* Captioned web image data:
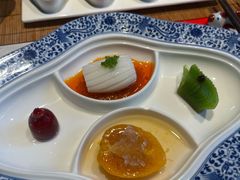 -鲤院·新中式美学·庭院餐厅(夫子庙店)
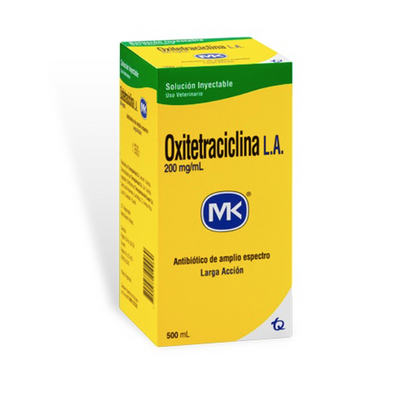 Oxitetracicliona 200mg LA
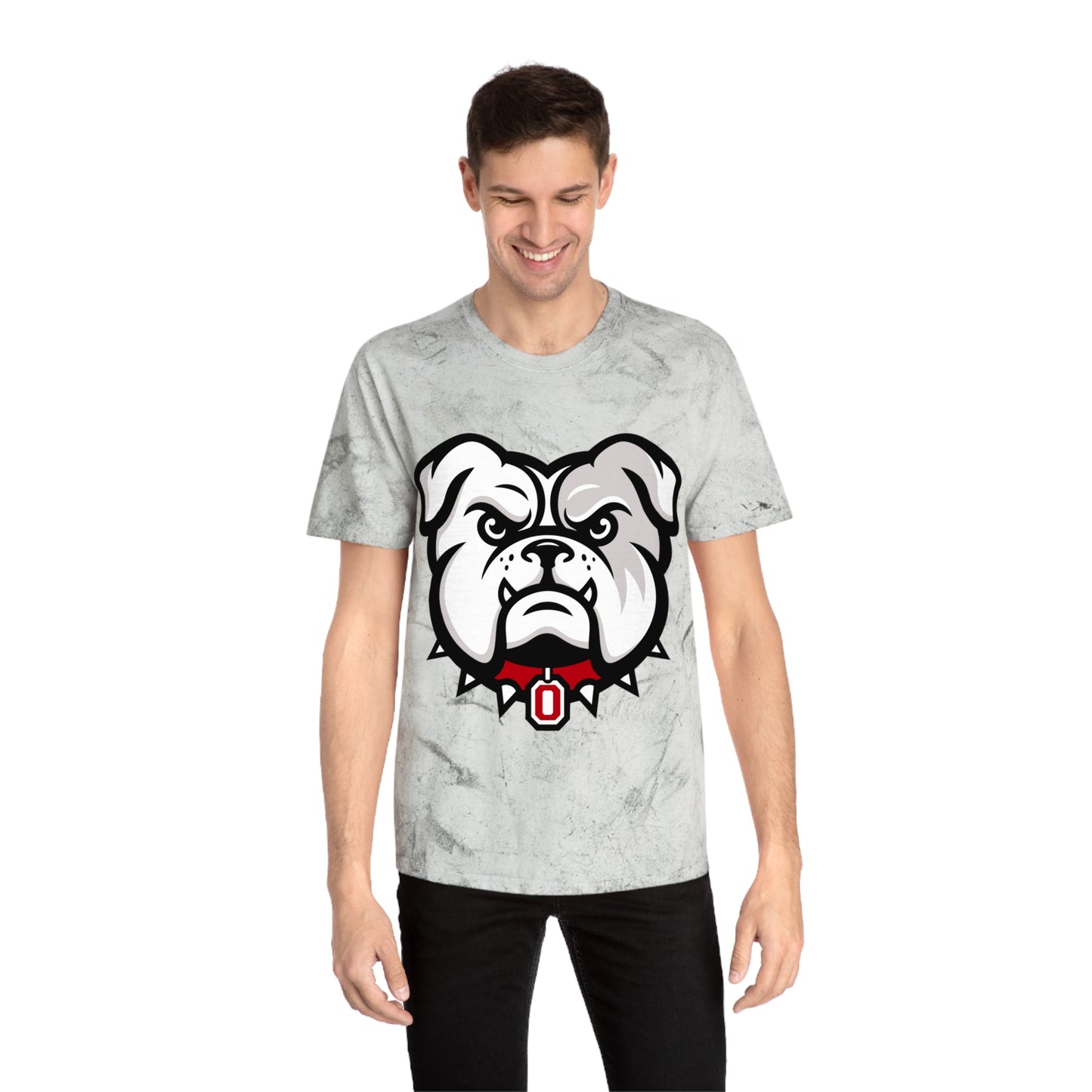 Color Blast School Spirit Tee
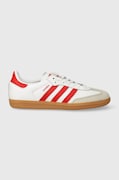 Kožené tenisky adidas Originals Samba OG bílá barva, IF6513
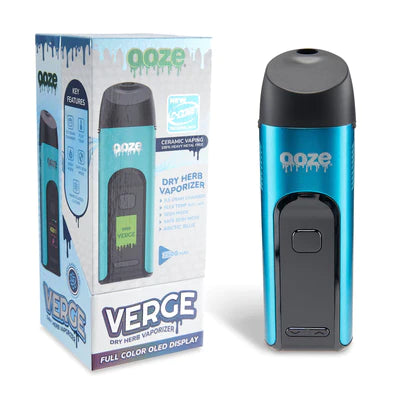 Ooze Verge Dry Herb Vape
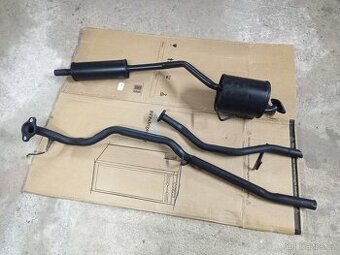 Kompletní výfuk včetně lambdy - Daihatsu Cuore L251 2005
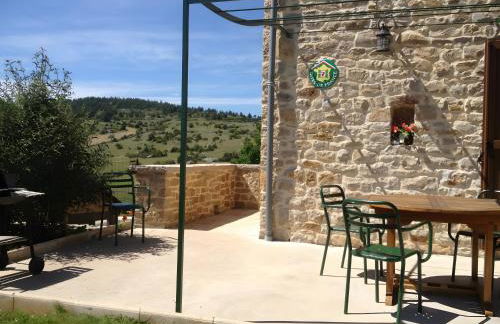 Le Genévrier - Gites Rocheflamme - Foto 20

* Exercise details: Omit the images and transcribe all of the records above word for word.

* Final answer:
 -鲤院·新中式美学·庭院餐厅(夫子庙店)
 Oxitetracicliona 200mg LA
 Color Blast School Spirit Tee
 Kožené tenisky adidas Originals Samba OG bílá barva, IF6513
 Ooze Verge Dry Herb Vape
 Kompletní výfuk včetně lambdy - Daihatsu Cuore L251 2005
 Le Genévrier - Gites Rocheflamme - Foto 20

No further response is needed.